What Is Technical Debt

Initial Definition

“Shipping first time code is like going into debt. A little debt speeds development so long as it is paid back promptly with a rewrite… The danger occurs when the debt is not repaid. Every minute spent on not-quite-right code counts as interest on that debt. Entire engineering organizations can be brought to a stand-still under the debt load of an unconsolidated implementation, object-oriented or otherwise.”

– Ward Cunningham, 1992

Current Views

Most recently technical debt is

  • a term of art that captures an elegant, business-friendly way to communicate the importance of refactoring and maintaining software.

The definition I’ll use is the following:

Definition

Technical debt occurs when a design or construction approach is taken that’s expedient in the short term, but that creates a technical context that increases complexity and cost in the long term.

Examples

  • Code has become very hard to change because of the foundation of poor quality legacy code
  • The system cannot be tuned for optimal behavior because cross-cutting concerns such as maintainability have not been addressed strategically
  • Knowledge of quality is lacking because testing has been cut short in the interest of time

Good TD

Again, in modern software process, incurring debt can be a good thing, if it means you ship software and meet deadlines.

For example, what is the value of a Valentine’s promotion that is released Feb 15?

Fowler’s Quadrant

Martin Fowler has a quadrant that outlines this:

Managing Technical Debt

Philippe Kruchten (UBC, Rational Software) has a nice conceptualization of the role technical debt plays in software development.

Kruchten

TD is seen as an invisible, negative value for your code. Again, in the extremely short term TD is not bad. It become bad as time passes and the debt accrues.

We call the impact of accrued debt interest, which refers to the ongoing added costs you have to pay.

This can be in terms of longer release times, longer test runs, cognitive burden on developers, or other measures of impedance caused by imperfect code.

Managing Technical Debt

Managing technical debt comes down to two things.

  1. Visibility. It is essential to track the TD you incur at the time you incur it. Otherwise, it festers in silence. Like any bug, sunlight will kill it.
  2. Allocating money. Once you know it exists, you need to pay it off. Include TD in rational iteration planning process.

Managing TD

This can be as simple as changing a variable name, or as complex as adding or removing files and classes (if the ‘refactoring’ turns into something more complex, it is really about re-architecting, and deserves different treatment, unless your codebase and devops infrastructures are really solid).

Planning for TD

TD over time

The following chart shows how we might see TD as a ‘drift’ between some ideal state (high value) and the actual state.

Code Quality and TD

Finding TD

How do you find technical debt?

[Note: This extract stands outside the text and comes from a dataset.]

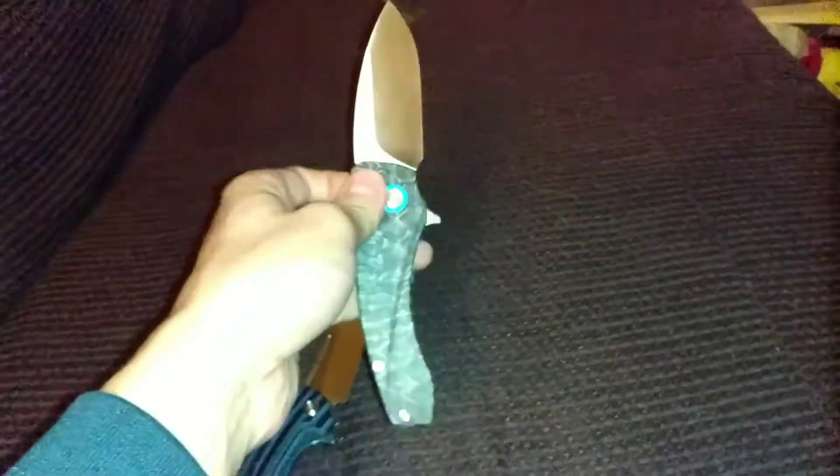The Tarzan is AUS-10 steel, made in China. The Orion Solaris is 14C28N, also made in China. The Tarzan is in a left-handed configuration and opens with a thumb stud. It has a button lock. The Solaris has a flipper opening and a liner lock.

Kruchten argues for explicitly tracking the debt.

However, in many cases the debt has been incurred a long time ago, and all you know now is that things suck (high interest costs).

Bad Practice – Smells – in Code

There is a continuum of “bad practices” from the code level up to the design level.

Tools can capture many of these.

But as we move ‘down’ the taxonomy, the clarity of the violation is reduced (harder to justify), and the ability for a tool to detect it becomes harder.

Think about how one might catch a buffer overflow error, vs designing code that doesn’t even use array indices.

Taxonomy

Exercise: What is TD?

  • I have created a list of rules from a common design and code quality checker.
  • classify each rule into one of three buckets:
    • code-level problem
    • paradigm problem (OO, Functional, Performance…)
    • design/arch problem

Exercise

SATD

Self-admitted technical debt (SATD) is a term coined by Emad Shihab to capture comments in the code that ‘admit’ that a particular approach is a hack, or poor form.

In some cases it might be captured in a tool, but it is unlikely. They aren’t bugs; the code works. Just not as ideal as one might hope.

Grepping for these comments can be a good way to find TD. Just ensure it is architecturally interesting. The obvious downside is some code style guides explicitly frown on these types of comments.

Finding Smells

Some examples of tools include linters like Pylint, code smell analysis tools like Findbugs, and the platform analysis tools (which incorporate all sorts of analyses) like SonarQube and Codescene.

At the end of the day, as a tool user, you should keep the following in mind:

toolvssmell

Wrapping Up

  • Technical Debt refers to shortcuts taken in system design, implementation, and deployment.
  • SATD refers to explicit acknowledgement of sub-optimal practices in the source code.
  • Incurring TD is part of learning what the actual “theory” of the software should be.
  • Refactoring and rearchitecting the system to remove TD is an important part of maintenance.